Por um lado, Hefner e a Playboy sempre apoiaram de modo enfático valores progressistas, como legalização do aborto e direitos LGBT. Assim, é de certa forma natural que a publicação continue avançando ao repensar sua representação de mulheres e pessoas queer. Mas três quartos do seu público ainda é masculino e heterossexual nos Estados Unidos – segundo Rachel Webber, o objetivo é alcançar pelo menos 50% de leitoras mulheres. A grande pergunta é: como?!

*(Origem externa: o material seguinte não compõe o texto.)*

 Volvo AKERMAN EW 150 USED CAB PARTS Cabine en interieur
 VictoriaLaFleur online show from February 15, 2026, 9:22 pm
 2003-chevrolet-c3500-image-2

Bretman Rock é a última das decisões editoriais rumo esse possível novo público. Antes disso, a revista já havia deixado os anúncios publicitários de lado, e mudado seu projeto editorial, com papel de gramatura mais sofisticada, tornando-a mais próxima a um livro a se exibir na mesa de centro que escondida no armário do banheiro. “Queremos ser relevantes, e para isso devemos apelar para a igualdade de gêneros”, diz Rachel Webber na mesma entrevista. Mas a revista parece não saber exatamente como apelar para aqueles que estão fora do seu público tradicional. Para isso, seria preciso definir: como é o desejo daquele que não é o homem cisgênero e heterossexual?

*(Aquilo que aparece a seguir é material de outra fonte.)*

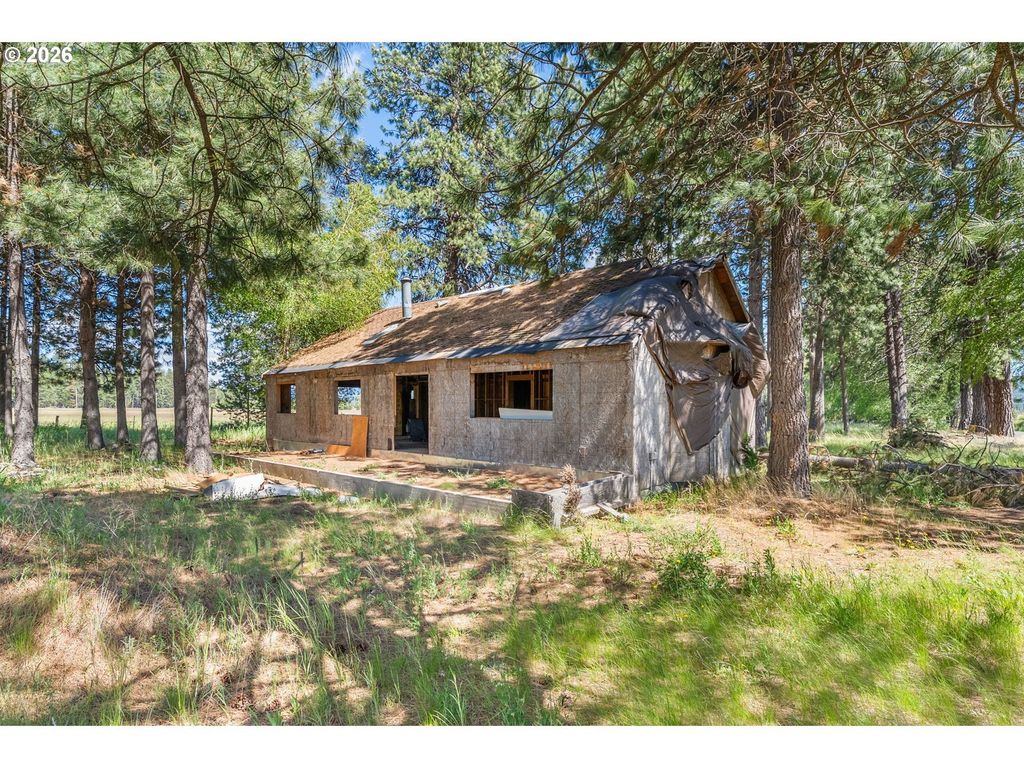 18 Lakeside Rd, Glenwood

Há um debate interessante sobre se já é possível avançar além do “male gaze” (em tradução livre, olhar desejante masculino). O termo foi criado pela crítica de cinema Laura Muvey no seu ensaio “Prazer visual e cinema narrativo”, de 1972. Em princípio, refere-se ao audiovisual, mas podemos estendê-lo para outras mídias, principalmente para um veículo tão definidor para o desejo sexual quanto a Playboy. Quase tudo que vemos no cinema, na televisão e nas páginas das revistas é através do olhar masculino – afinal é quem normalmente está atrás da câmera.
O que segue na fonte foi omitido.